THE Global Justice Movement Website

THE Global Justice Movement Website
This is the "Global Justice Movement" (dot org) we refer to in the title of this blog.

Wednesday, February 24, 2016

Focus on the Fed


This is the time of year many Christians celebrate (if that’s the right word) “Lent.”  Lent is a period of forty days (not counting Sundays) preceding Easter, whenever the powers-that-be decide that’s going to be, during which you, well, prepare for Easter.  Generally that means “giving up [fill in the blank] for Lent,” thereby achieving a feeling of immense self-satisfaction and virtue for having “given up” something you’d probably be better off without in the first place.

"Is it virtuous not to want it, or to want it and not take it?"
Obviously, this is a good exercise in character building for anybody.  That’s one reason why so many religions and philosophies teach that self-restraint and willpower are good things, assuming they are directed to proper ends.  For example, a glutton who manages to practice self-denial in matters of food and drink to strengthen his will and incidentally save a little money that can be put to other, more worthy uses, is probably more virtuous than the miser who starves himself in order to accumulate money as an end in itself.
So, whether it’s for religious reasons, or for anything else, “giving up” something as an end in itself or for a less than worthy goal is probably not a good thing.  That’s why Those Who Know advise you not just to give something up, but to do something more, i.e., balance the negative of giving up, with some kind of positive of doing more; it provides “positive reinforcement” to reinforce the negative by helping turn it into a benefit or a good.
"I had my diet.  This is my dinner!"
This is one reason, for example, diet clubs and support groups stress active participation in meetings and events.  The group gives something positive — group moral support and encouragement — to balance the loss or the sacrifice of the individual members.  It’s not that you’re incurring the loss or making the sacrifice in order to get the moral support and encouragement (although in extreme cases it can come to that), but that it makes the struggle easier to bear.
Enough of the philosophy, though.  What we’re interested in is what people can do to advance the Just Third Way.  In social justice terms, it’s not enough for you to be personally virtuous and just.  That’s good, of course, even essential if you want to grow and develop as a human being.  It is not, however, going to change the system into something where it becomes worth our while to be virtuous and just.
Will some people manage to be virtuous even without a justly structured system?  Sure.  But it’s going to cost them.  An employer can pay a fair wage, and go broke because nobody else is doing so and his costs are therefore twice as high as anyone else’s.  A country can mandate complete pacifism, and be conquered by the first warmonger who comes along.  It’s nice to have principles, but nicer if you can live those principles without it costing you your life, your fortune, or your sacred honor.
"I gave up not eating cookies!"
So, what should we add — not just for “Lent,” but for always in order to be socially just instead of merely individually just?  How about the “social” works of mercy — which (per CESJ co-founder Father William J. Ferree’s pamphlet, Introduction to Social Justice) are not large-scale individual works, i.e., meeting material needs, but in focusing in on institutions in order to make it possible for ordinary people to take care of themselves through their own efforts.
Father Ferree’s example is wages — not the best one, but it makes the point.  Social justice does not consist of paying a living wage.  That remains individual justice or charity, regardless how you classify it.  Rather, social justice in that situation consists of making it possible to pay a living wage, not in actually paying it:
Social Justice ≠ Paying a Just Wage
Social Justice = Making It Possible to Pay a Just Wage
"You mean paying a just wage is individual, not social justice?"
A better example is the pro-life movement.

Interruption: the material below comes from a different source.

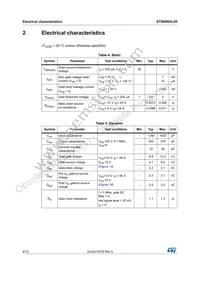 STD60N3LH5 Datasheet Page 4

It clearly lacks political power. If it did not, then Congress would long ago have taken back its power from the president and the Supreme Court, and reinstated original intent as the correct way of interpreting the Constitution.
Why does the pro-life movement not have political power? Because it does not have economic power. As Daniel Webster pointed out in 1820, “Power naturally and necessarily follows property.”
Frederick Jackson Turner
Americans started losing political power in the late nineteenth century with the closing of the frontier. As Frederick Jackson Turner explained in a paper he delivered at the Columbian Exposition in 1893, “So long as free land exists, the opportunity for a competency exists, and economic power secures political power.” (Frederick Jackson Turner, “The Significance of the Frontier in American History,” Annual Report of the American Historical Association for the Year 1893. Washington: Government Printing Office, 1894, 199.)
It is therefore essential that free land be replaced with some other form of productive asset that ordinary people can own as private property. CESJ proposes a “Capital Homestead Act” to open up the commercial and industrial frontier the way Lincoln’s Homestead Act opened up the land frontier, thereby securing to every child, woman, and man a “competence” and thus political power.
The way to do this is to open up access to productive credit for financially feasible capital projects that can pay for themselves out of future profits. That’s why we plan on (peacefully) demonstrating at the Federal Reserve in DC toward the end of April, on “Earth Day.”  It’s after Lent, and many of us are not even Christian, but so what? Justice is for everyone.